W nowy pakiecie pomocy, przedstawionym przez Austina znajdzie się 18 haubic wraz z pojazdami do holowania oraz 36 tys. pocisków, 2 wyrzutnie rakiet przeciwokrętowych Harpoon a także sprzęt do łączności i noktowizory. Ponadto na Ukrainę zostaną wysłane systemy artylerii rakietowej HIMARS wraz z amunicją.
- Będziemy nadal ciężko pracować, będziemy poruszać niebo i ziemię, by Ukraińcy dostali sprzęt wojskowy, którego potrzebują – podkreślał szef Pentagonu.

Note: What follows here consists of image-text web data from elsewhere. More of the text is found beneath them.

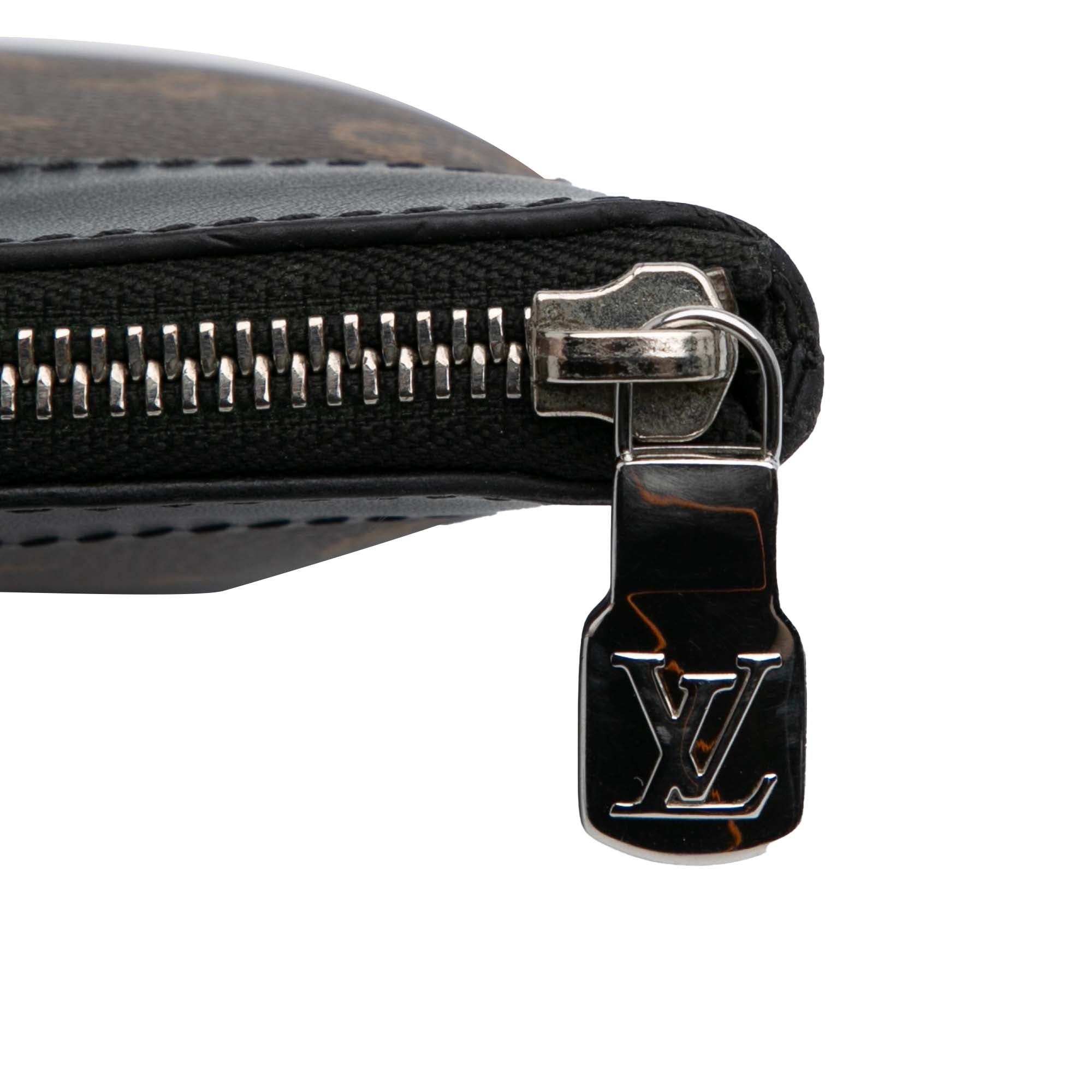 Monogram Macassar Discovery Pochette GM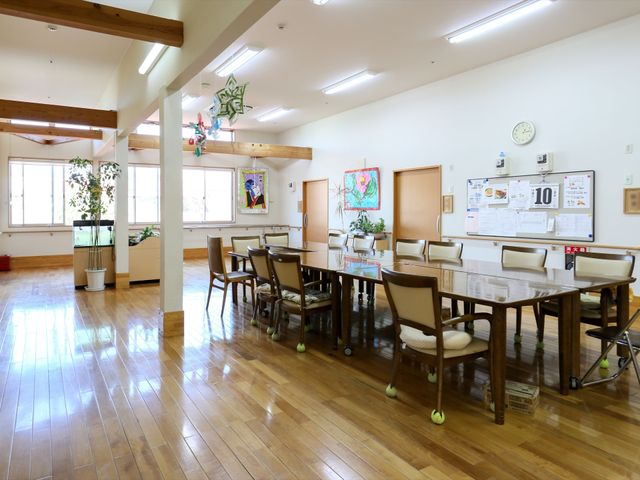 木目調の床のダイニングルーム 娯楽室 明るく広々とした空間でゆったりとした食事が楽しめます。木の温もりが感じられる家具が並んでいます。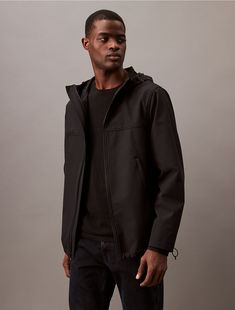 Accentuated with seaming details at the upper chest, this jacket is a lightweight layer for cooler weather. Made with a stand collar and a drawstring hood. Designed with a zip closure at the front and slip pockets at the sides.  Material: 92% Polyester, 8% Elastane. Black Nylon Utility Outerwear, Urban Utility Jacket With Double-lined Hood, Black Utility Outerwear With Double-lined Hood, Utility Nylon Hooded Jacket With Double-lined Hood, Luxury Men's Single-breasted Utility Jacket, Utility Jacket, Stand Collar, Calvin Klein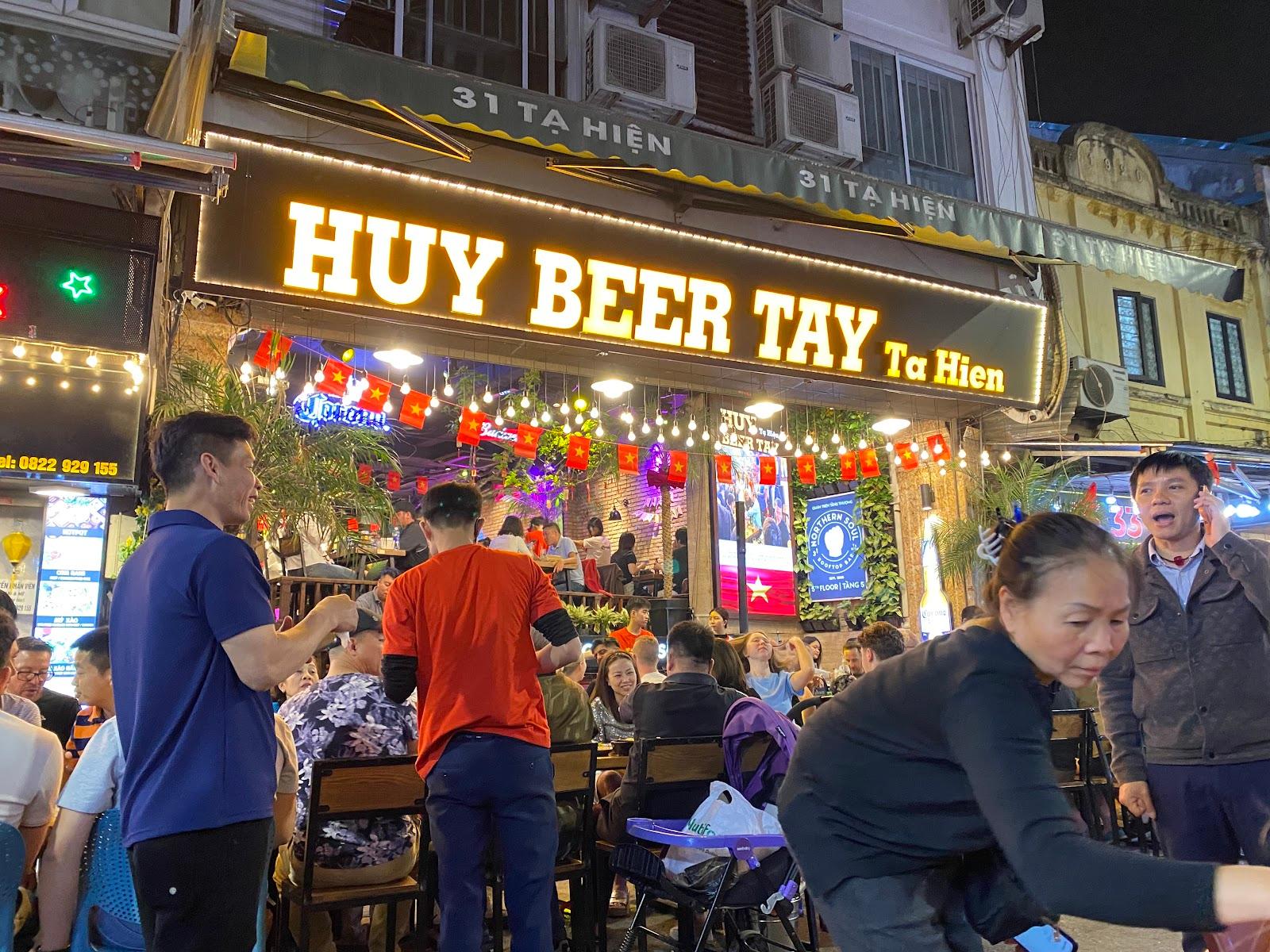 Wietnamski bar piwny nocą pełen ludzi
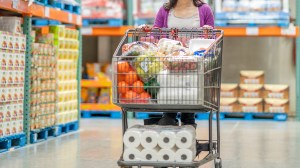 person with large trolley doing their bulk buy shopping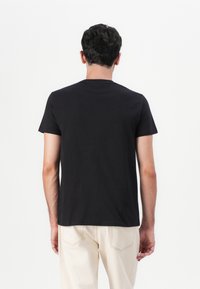 T-shirt en coton noir à manches courtes et col rond, présenté de dos. Design simple sans logos ni motifs visibles.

Rosja nie zatrzyma się na Ukrainie
Z kolei o szybkie, większe i skoordynowane dozbrojenie Ukrainy apelował w Brukseli minister obrony Mariusz Błaszczak. - Żeby te działania miały głęboki sens, żeby nie były przypadkowe – mówił szef MON. Podkreślał, że z polskiego punktu widzenia niepodległa Ukraina oznacza niepodległą Polskę.
- Naszym celem jest to, żebyśmy mieli naszą południowo-wschodnią granicę z Ukrainą a nie z Rosją. Jeśli Rosja podbije Ukrainę, to nie zatrzyma się, tylko będzie szła dalej. Celem Kremla jest odbudowanie imperium – dodał minister Błaszczak.
Amerykański generał Mark Milley, przewodniczący Kolegium Połączonych Szefów Sztabów przyznał wczoraj, że Rosja ma przewagę nad Ukrainą w liczbach jeśli chodzi o artylerię i wojska. - Ale Rosjanie mają problemy z dowodzeniem, logistyką, czy morale – mówił dodając, że Ukraińcy mają lepszą taktykę, wyszkolenie i są skuteczniejsi.